The additional question has been criticised by members of the public and politicians, including Democrat Party leader and the former premier Abhisit Vejjajiva, who said on Sunday that his party would vote against it.
If the Senate is empowered to take part in the vote for the next PM it will create an imbalance in the legislature, Abhisit said. He added that he hoped Prayut would understand that point, as the National Council for Peace and Order (NCPO) had earlier told charter drafters that a handpicked Senate should not be allowed to choose the PM.
However, Prayut, who is also head of the NCPO, said the proposal was completed. “It was already considered by the charter drafters and the drafting is done already.”
It would not always be necessary that the handpicked Senate would inherit such power, the PM said.
But he refused to give clear reactions to both the referendum question and the charter draft. The matters had been decided by the NLA and the Constitution Drafting Commission (CDC) respectively, he said.
Silent on alternative draft 
Prayut also remained silent on what would happen if the charter draft is rejected in the referendum. He explained that doing so could influence the way that people will vote in the referendum if another plan was revealed “too soon”.
No one could say the public needed to know everything about the charter draft and an alternative plan had to be revealed, he said. 
“Only 40 per cent of people will follow up on the draft so don’t say it will be for public benefit.”
Meanwhile, Abhisit insisted yesterday he would continue to talk about the charter draft despite the PM’s displeasure. He also said he would keep asking the junta to reveal what it would do if the draft were rejected in the referendum, reasoning that the money spent on holding the plebiscite should not be wasted because the public did not get sufficient details.
He asked Prayut to “calm down” and be more open-minded about opinions on the charter, as long as remarks are not aggressive or distorted.
“There is a difference between creative comments and those meant to create disruption,” Abhisit said. “I hope Prayut does not see all different commentators as his foes, or our country can’t move forward.”
The government and the NCPO should also not turn into “litigants”, he said.
The NCPO could get closer to achieving political reforms if they allowed more people to take part in the process, Abhisit said, adding that the government could open up public spaces for creative discussions on the charter draft.
Abhisit said the Democrats still rejected the extra referendum question to empower the Senate to choose a PM. If the measure was passed, he said Prayut could move from his middle position to have an NCPO-picked Senate choose the PM.
“I’m worried just as he [Prayut] is,” Abhisit said. “If you allow 250 people, all from the same source, to diminish the people’s will after an election, voters will feel that their right to vote was in vain. That will create serious conflict. Both he and I are worried that such a scene is not what Thailand wants.”
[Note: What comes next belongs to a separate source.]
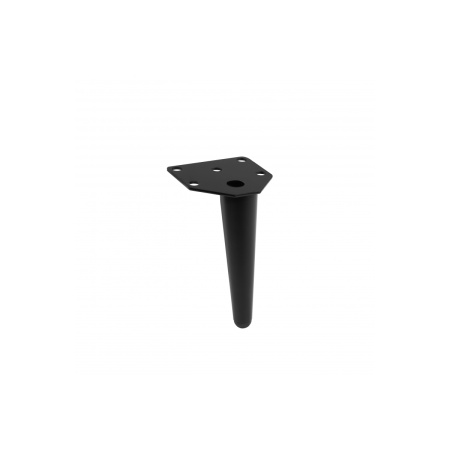 Picior ANCHOR 130mm, otel, negru mat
Abhisit, however, remained silent on the Democrats’ decision to vote for the charter, saying that an early revelation could create political conflict. He also insisted that the Democrats would not join hands with Pheu Thai Party, despite their similar stances against the referendum question.
Prayut also insisted that neither the NCPO nor himself planned to set up a political party, nor were they looking for future leaders in the political arena.
He also denied a report that the NCPO was looking at former deputy premier Surakiart Sathirathai to be the next PM.
Despite his furious reactions following the Democrat’s earlier announcement, Prayut insisted that he was only “annoyed” by politicians’ comments and not dissatisfied with them. “Why make bothersome comments that they don’t realise?” he said.
Army chief General Teerachai Nakwanich yesterday criticised political parties that had announced opposition to the charter draft as not respecting people.
“They must respect the people’s decision. The public should first look at the draft and make a decision on the referendum. This is the first step of democracy,’’ he said.